«Tori et Lokita», les migrants brisés des frères Dardenne

On était nombreux, mardi, à se masser devant le nouveau film des frères Jean-Pierre et Luc Dardenne en visionnement de presse. Après deux Palmes d’or (Rosetta en 1999 et L’enfant en 2005) et une flopée d’autres prix, la fratrie belge fait partie du club sélect qui peut briguer une troisième fois la récompense suprême de Cannes. Leurs films, sociaux, engagés et profondément humanistes, ont marqué le festival.
De retour avec Tori et Lokita, leur regard empli de compassion et de réalisme cru se pose cette fois sur deux enfants de l’immigration africaine en Belgique. Une adolescente (Joely Mbundu) a adopté comme frère, sur le bateau de l’exil, un garçon plus jeune (Pablo Schils) considéré, au Bénin, comme un enfant sorcier et envoyé à l’orphelinat. Une vie cruelle les attendait de l’autre côté de l’Atlantique. Entre emplois précaires minables, trafics de drogue et prostitution forcée pour elle, rien ne va. Lokita, sans-papiers après des auditions infructueuses, doit aller travailler comme veilleuse de nuit dans une usine de plantation de cannabis. Ses liens avec Tori sont forts ; de mauvais Belges s’attellent à les briser dans cette jungle du chacun pour soi.
« Ce film, c’est pour tous les Tori et Lokita qui se trouvent en Europe, ont lancé les Dardenne. C’est pour continuer à exiger qu’on change les lois pour l’accueil des migrants, et particulièrement des jeunes exilés. »
Il s’agit d’un de leurs films les plus sombres, où l’homme est un loup pour l’homme — et surtout, pour l’enfant —, où l’amour fraternel constitue le seul refuge contre la déshumanisation ambiante. Avec des plans rapprochés captant des corps et des visages en quête constante d’un apaisement qui ne vient jamais, Tori et Lokita découpe ses scènes à la scie, sans laisser respirer le spectateur, qui encaisse de profonds malheurs. Ce film, joué par des non-professionnels, renoue avec la sève quasi documentaire de leurs premiers opus. Sans temps mort et avec une lame acérée et des images souvent sombres, le rythme nerveux de l’œuvre épouse la tragédie rebondissante du quotidien insensé de ses protagonistes.
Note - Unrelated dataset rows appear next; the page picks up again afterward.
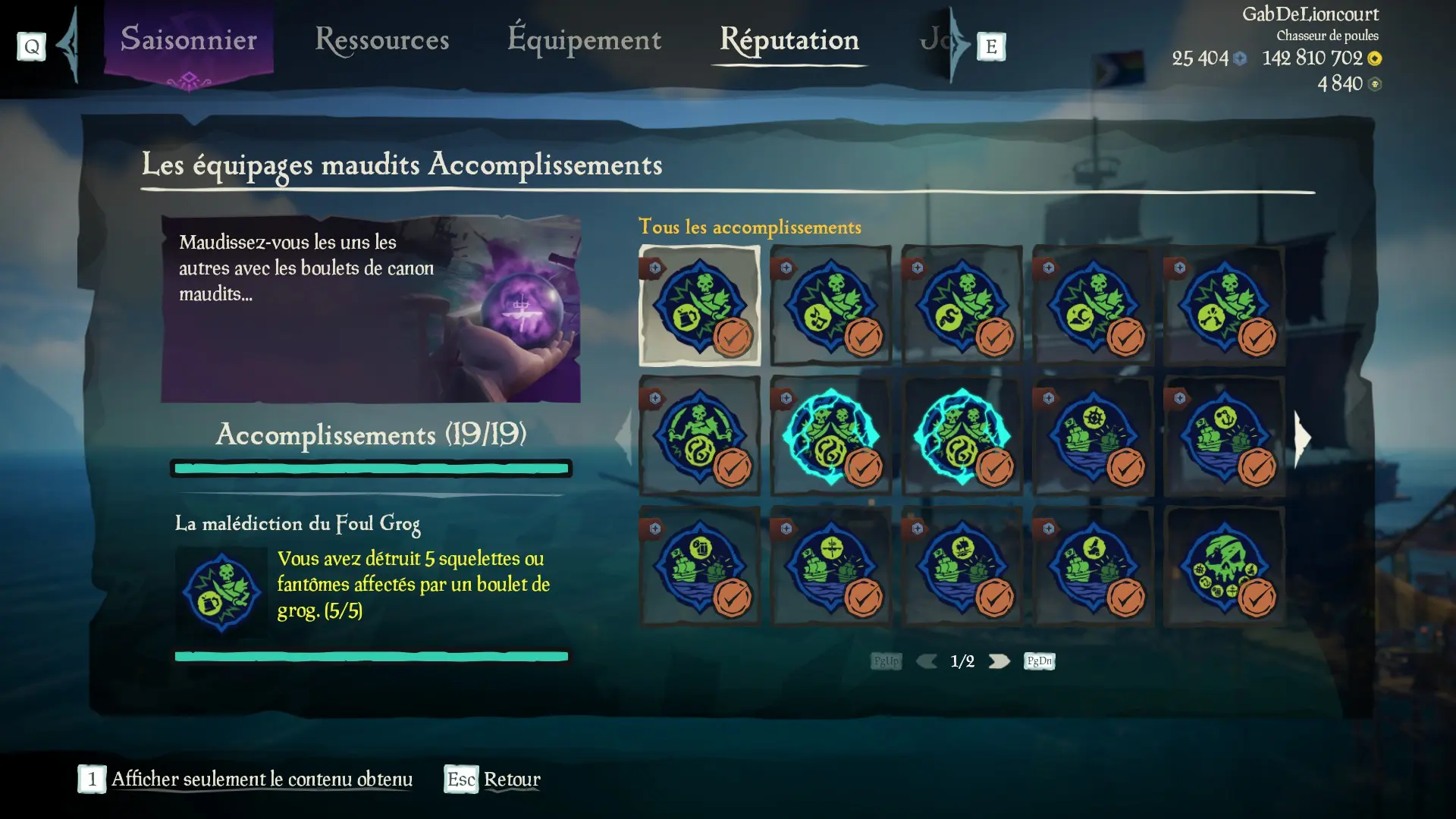 Capture d’un profil pirate complet pour la sous-catégorie Les équipages maudits des Aventures en Mer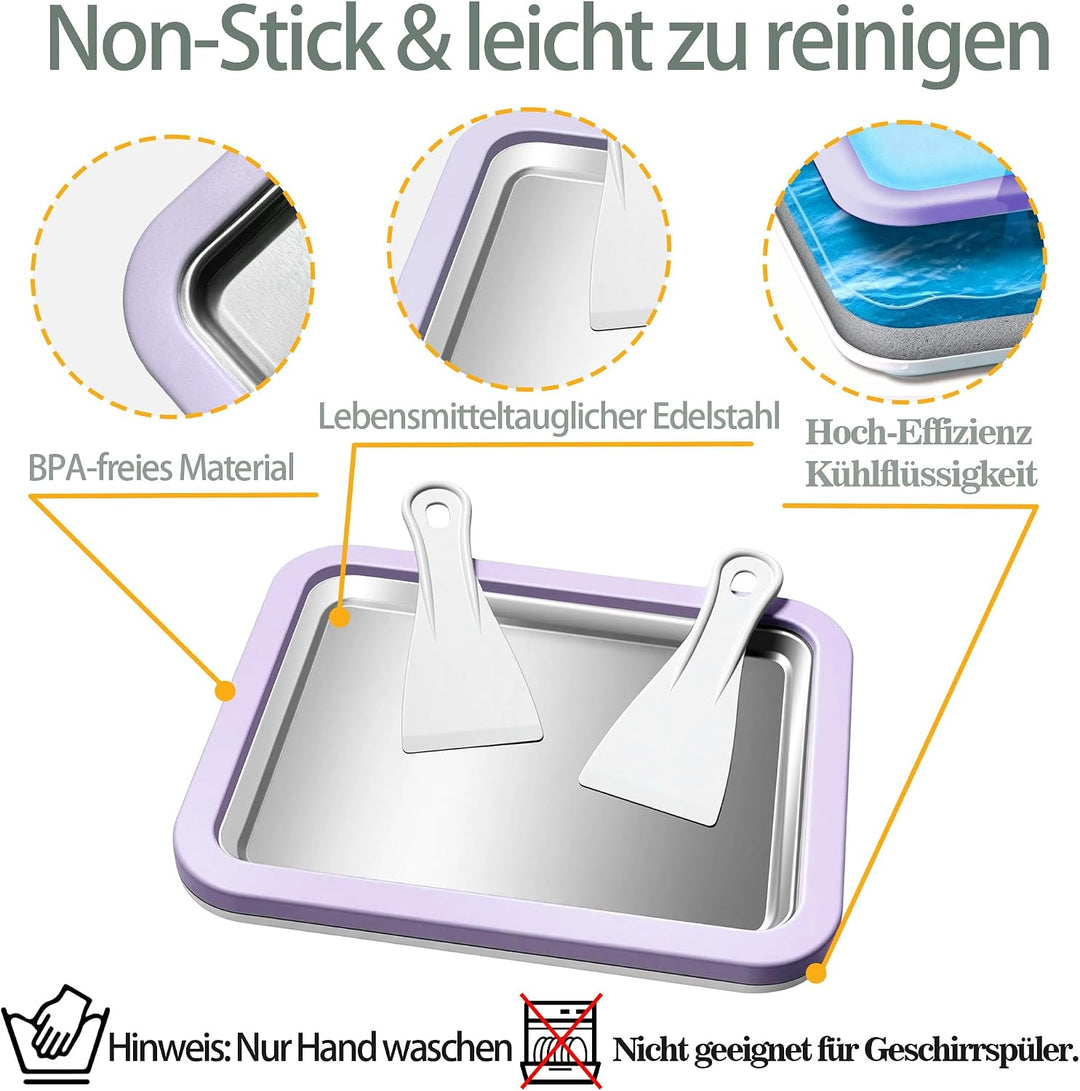 Eisplatte Lila, Rolled Ice Cream Maker mit 2 Spateln, DIY Set für Zuhause, Lila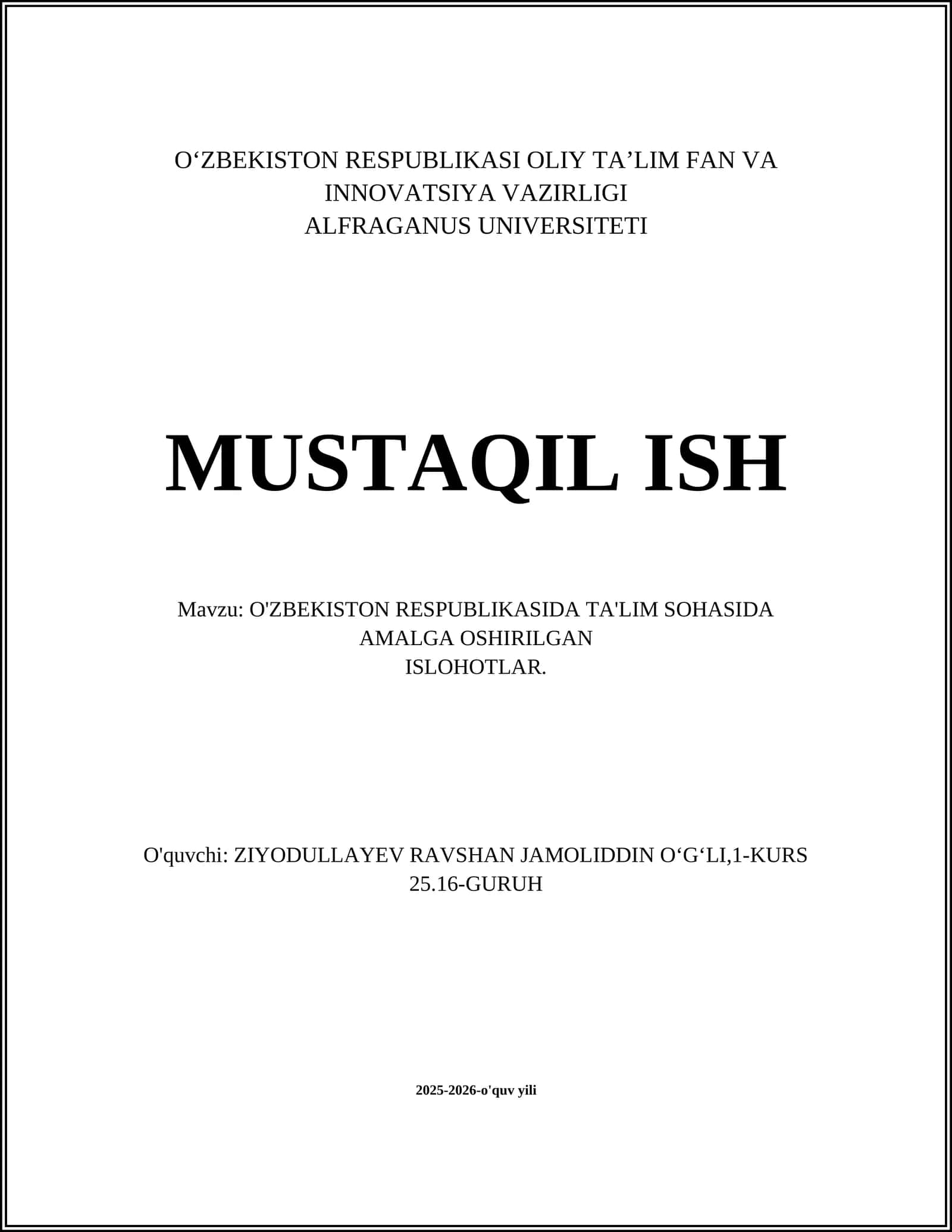 O'ZBEKISTON RESPUBLIKASIDA TA'LIM SOHASIDA AMALGA OSHIRILGAN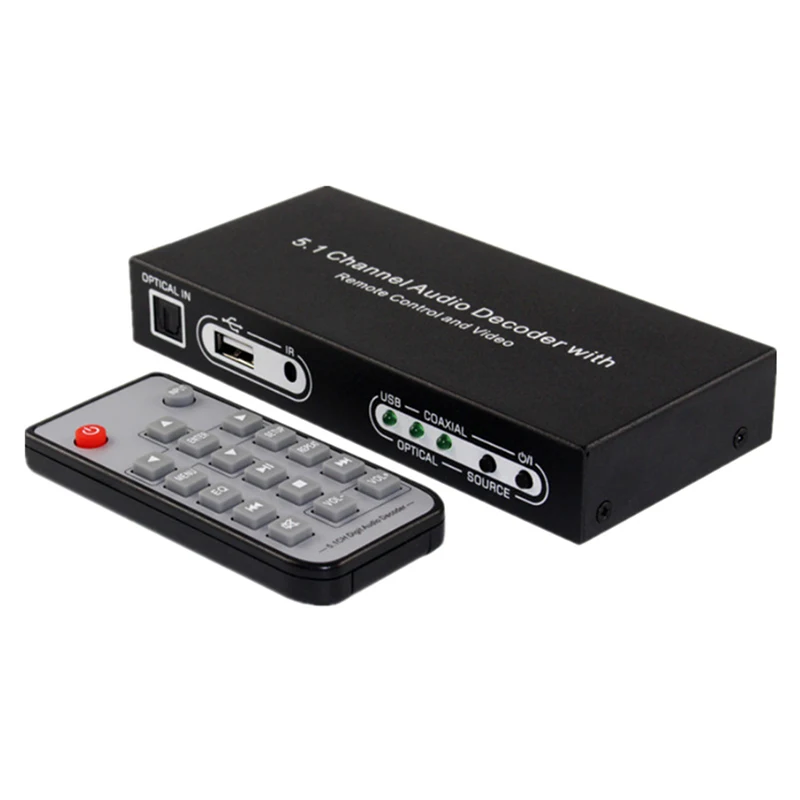 

New AC3 DTS Digital Audio Decoder Optical SPDIF Toslink / Coaxial to 5.1CH Analog RCA Audio Converter w/ USB Multimedia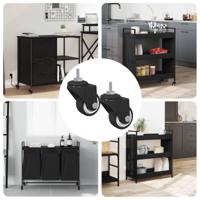 VidaXL Zwenkwiel 2 pcs zwart 40,4 x 40,4 x 19,7 mm ijs en nylon - thumbnail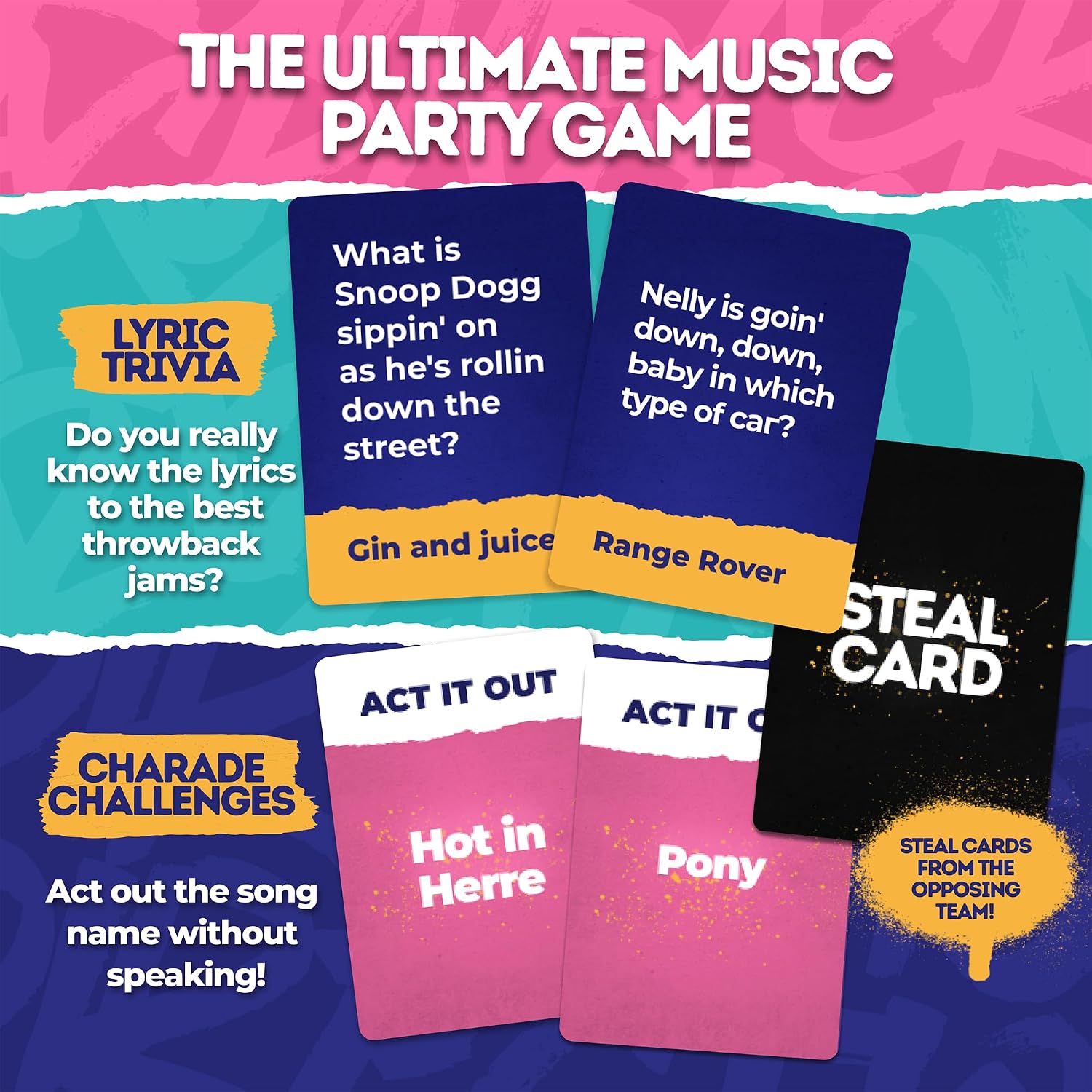 Throwback Lyrics - A 90's and 2000's Hip-Hop and R&B Music Party Game - Lyric Trivia and Charades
Une troisième Palme ? Ce serait quand même étonnant, même si le film semble être dans les cordes du président du jury, Vincent Lindon. Tandis que le petit Pablo Schils, dans la vérité de son enfance, se révèle un acteur né, Joely Mbundu apparaît trop statique, comme engoncée dans son rôle. Même à travers les scènes les plus fortes — quand elle retrouve son frère, court pour sauver sa peau ou fait de terribles crises d’angoisse —, son manque d’expressions la dessert. Tous les non-professionnels n’ont pas la grâce requise pour porter un personnage aussi puissamment chargé et exploité que celui de Lokita. Et des liens scénaristiques s’égarent parfois. Ce qui n’enlève pas au film sa charge, mais l’empêche d’atteindre toute l’émotion qu’il devrait susciter.
Dans le Naples de la camorra
Une œuvre italienne de forme très classique, Nostalgia, de Mario Martone (L’amour meurtri), était aussi projetée en compétition mardi. Mais son excellente facture ne fera pas oublier sa panne d’inventivité. Comme bien des films dans la course cette année, celui-ci n’a pas l’étincelle qui allume les feux cinéphiliques. Cela n’empêche toutefois pas de suivre avec intérêt cette histoire bien jouée et haletante.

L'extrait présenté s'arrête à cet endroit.